[Dataset items]
========================
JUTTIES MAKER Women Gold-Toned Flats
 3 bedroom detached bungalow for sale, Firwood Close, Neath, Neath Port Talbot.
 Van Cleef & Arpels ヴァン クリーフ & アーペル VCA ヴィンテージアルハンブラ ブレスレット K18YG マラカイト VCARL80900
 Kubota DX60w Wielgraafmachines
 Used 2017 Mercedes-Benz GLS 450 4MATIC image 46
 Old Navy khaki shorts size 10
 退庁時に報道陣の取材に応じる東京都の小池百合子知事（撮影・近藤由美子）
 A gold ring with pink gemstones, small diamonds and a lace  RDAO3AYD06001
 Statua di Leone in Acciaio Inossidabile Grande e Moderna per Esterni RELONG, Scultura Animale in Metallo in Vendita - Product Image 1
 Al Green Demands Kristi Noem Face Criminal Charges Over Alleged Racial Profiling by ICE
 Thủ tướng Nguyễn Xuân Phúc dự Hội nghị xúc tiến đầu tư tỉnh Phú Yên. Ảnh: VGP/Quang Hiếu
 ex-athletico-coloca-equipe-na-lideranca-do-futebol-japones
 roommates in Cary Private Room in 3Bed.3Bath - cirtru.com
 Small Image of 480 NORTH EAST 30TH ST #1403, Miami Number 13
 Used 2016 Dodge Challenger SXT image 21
========================
* Exercise instructions:
Taking the line that contains "Thủ tướng Nguyễn" as the first, reproduce every line through the end of the entries exactly.

* Answer box:
 Thủ tướng Nguyễn Xuân Phúc dự Hội nghị xúc tiến đầu tư tỉnh Phú Yên. Ảnh: VGP/Quang Hiếu
 ex-athletico-coloca-equipe-na-lideranca-do-futebol-japones
 roommates in Cary Private Room in 3Bed.3Bath - cirtru.com
 Small Image of 480 NORTH EAST 30TH ST #1403, Miami Number 13
 Used 2016 Dodge Challenger SXT image 21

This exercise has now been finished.